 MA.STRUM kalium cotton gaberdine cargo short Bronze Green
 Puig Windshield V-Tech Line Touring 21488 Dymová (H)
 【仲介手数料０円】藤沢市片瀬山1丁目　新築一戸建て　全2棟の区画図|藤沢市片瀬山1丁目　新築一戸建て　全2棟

==

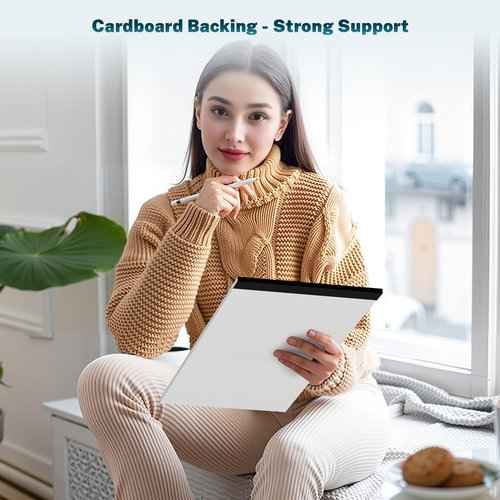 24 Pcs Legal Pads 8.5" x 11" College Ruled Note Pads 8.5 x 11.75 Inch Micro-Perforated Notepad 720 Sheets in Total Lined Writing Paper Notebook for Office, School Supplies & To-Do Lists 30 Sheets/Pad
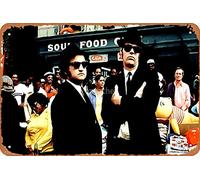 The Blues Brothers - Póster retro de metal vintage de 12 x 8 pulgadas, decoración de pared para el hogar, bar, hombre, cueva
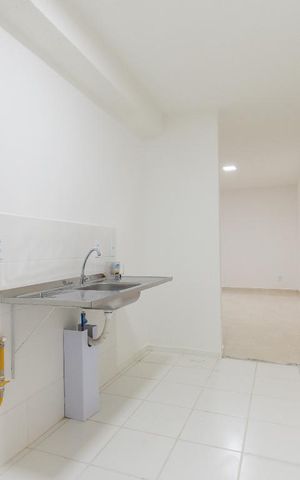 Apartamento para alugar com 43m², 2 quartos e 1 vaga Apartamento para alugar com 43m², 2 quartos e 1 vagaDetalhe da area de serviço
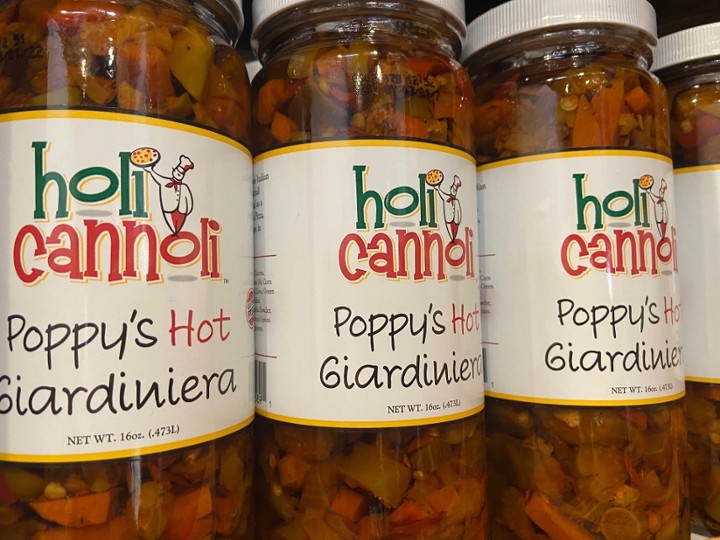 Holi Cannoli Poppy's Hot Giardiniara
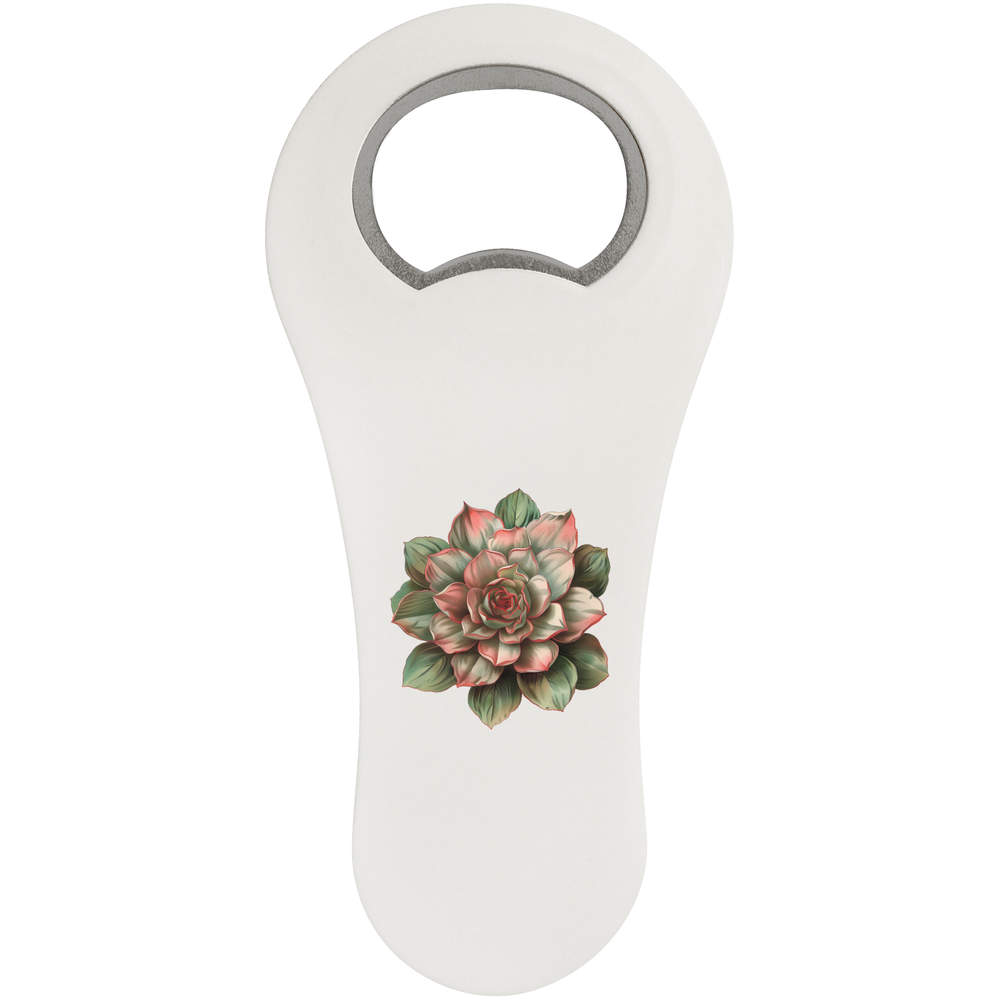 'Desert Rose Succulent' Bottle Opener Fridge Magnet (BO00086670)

* * *

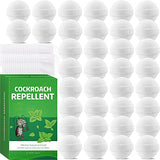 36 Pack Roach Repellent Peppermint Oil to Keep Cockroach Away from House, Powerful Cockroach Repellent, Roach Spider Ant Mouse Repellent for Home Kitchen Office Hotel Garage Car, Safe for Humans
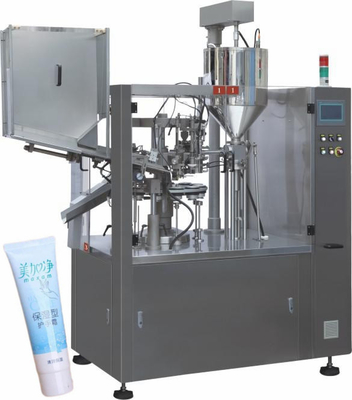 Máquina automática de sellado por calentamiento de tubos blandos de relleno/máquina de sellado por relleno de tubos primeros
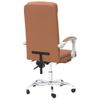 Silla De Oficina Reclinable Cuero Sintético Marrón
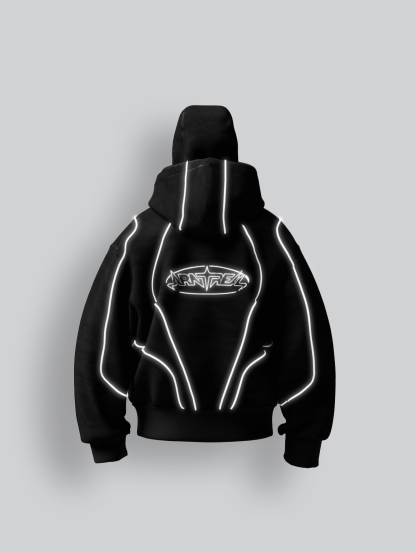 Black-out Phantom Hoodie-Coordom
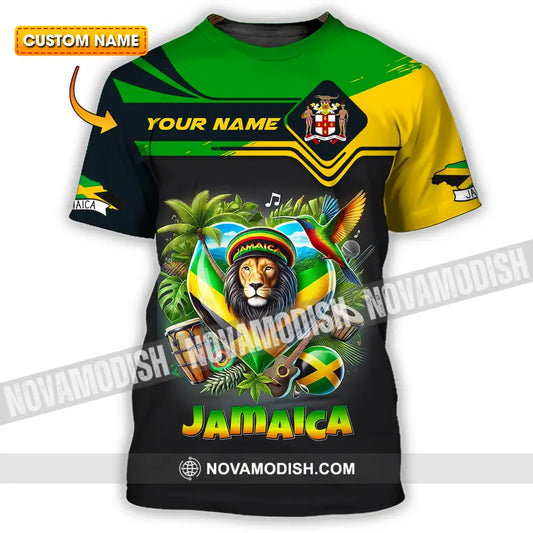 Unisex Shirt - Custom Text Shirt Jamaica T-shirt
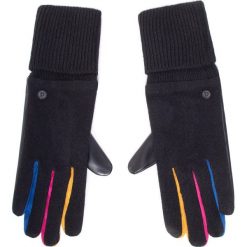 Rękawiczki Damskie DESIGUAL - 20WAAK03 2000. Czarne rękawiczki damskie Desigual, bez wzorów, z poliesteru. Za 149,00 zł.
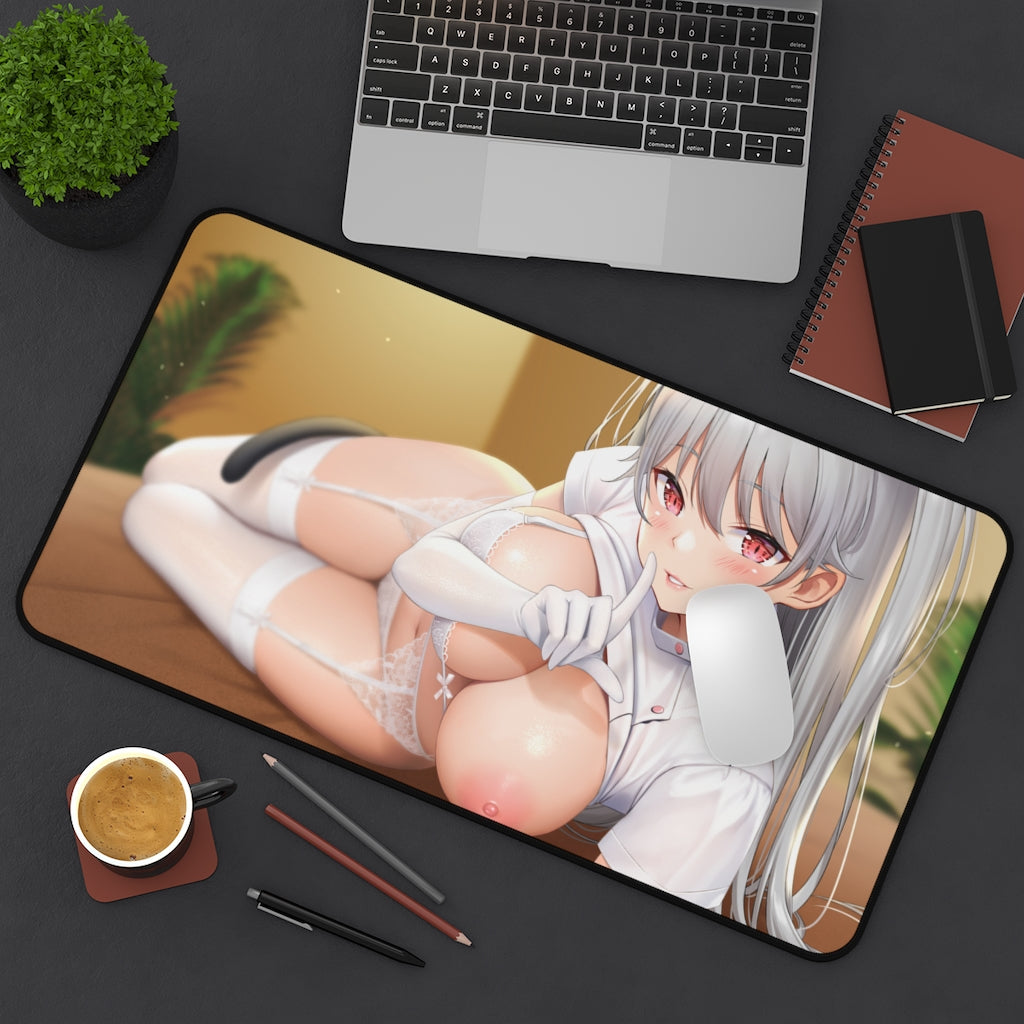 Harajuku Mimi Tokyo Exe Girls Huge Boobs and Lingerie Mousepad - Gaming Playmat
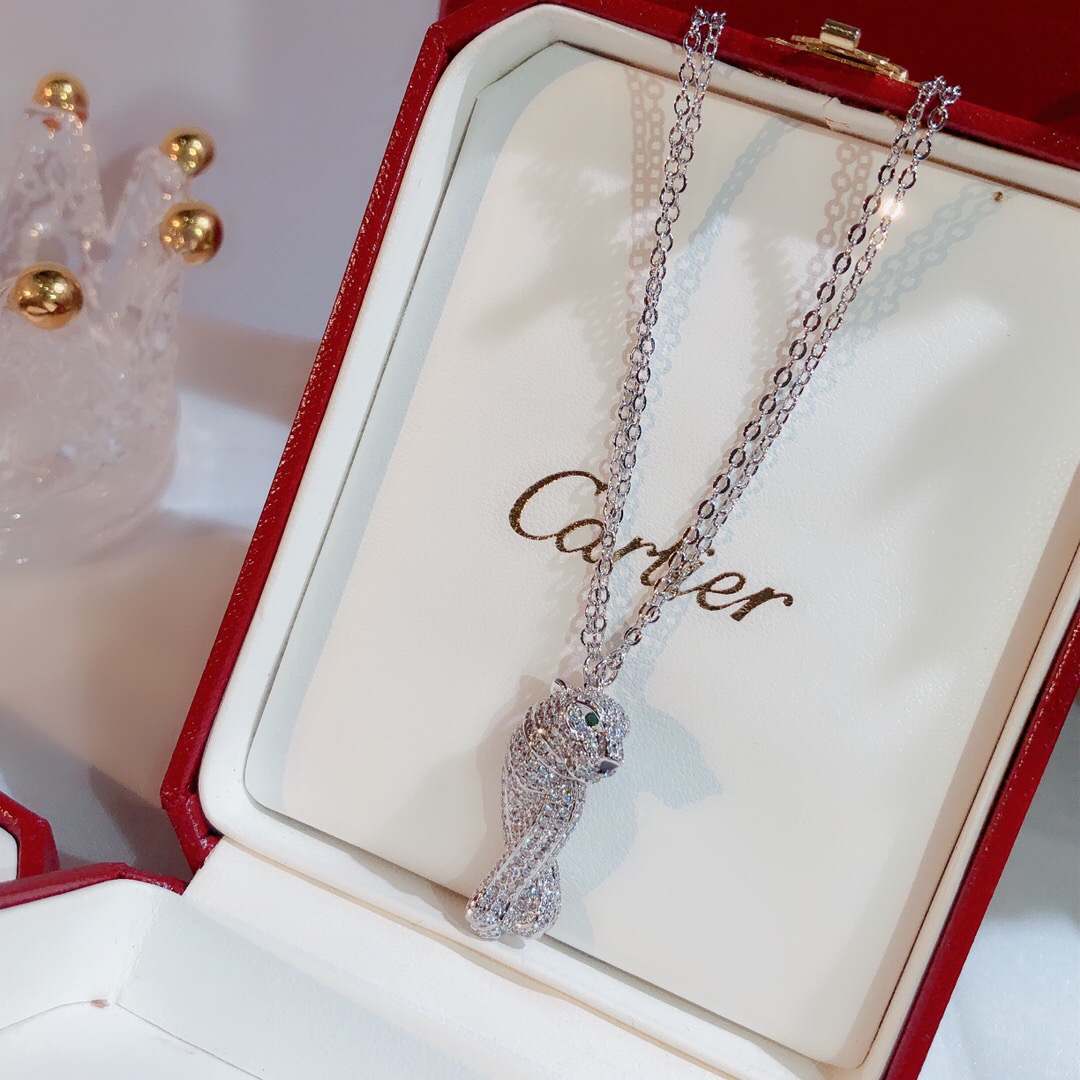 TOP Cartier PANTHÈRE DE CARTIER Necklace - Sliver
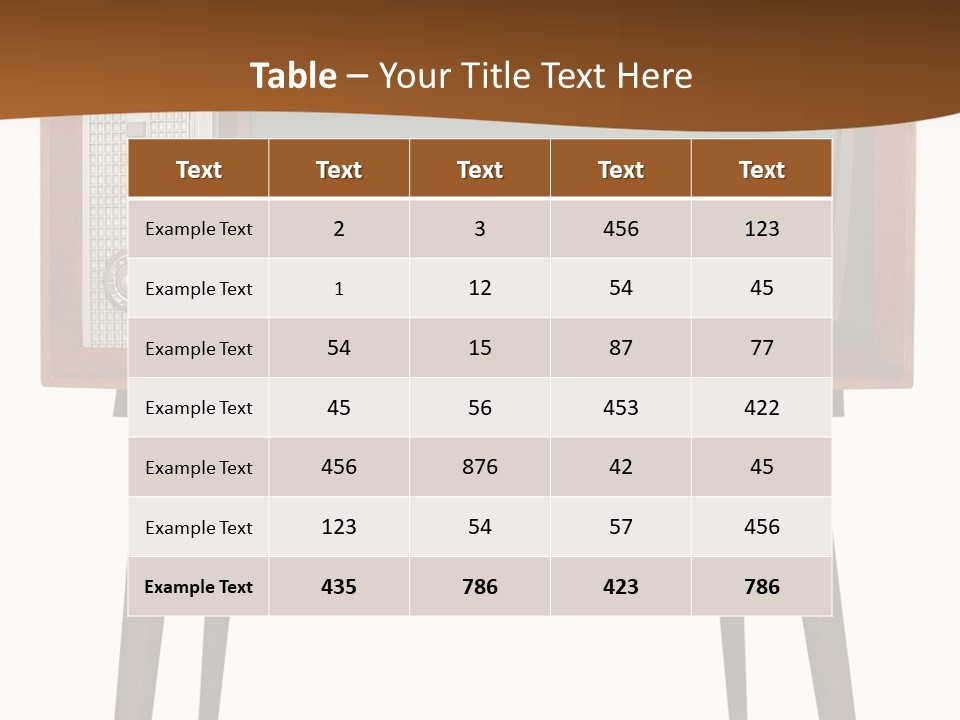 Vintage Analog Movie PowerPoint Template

## Description of the task
In the listing above, find the line containing "Harajuku Mimi Tokyo" and the line containing "Vintage Analog Movie PowerPoint Template"; print those lines and every line between them exactly, leaving out pictures.

## Answer below
 Harajuku Mimi Tokyo Exe Girls Huge Boobs and Lingerie Mousepad - Gaming Playmat
 TOP Cartier PANTHÈRE DE CARTIER Necklace - Sliver
 Vintage Analog Movie PowerPoint Template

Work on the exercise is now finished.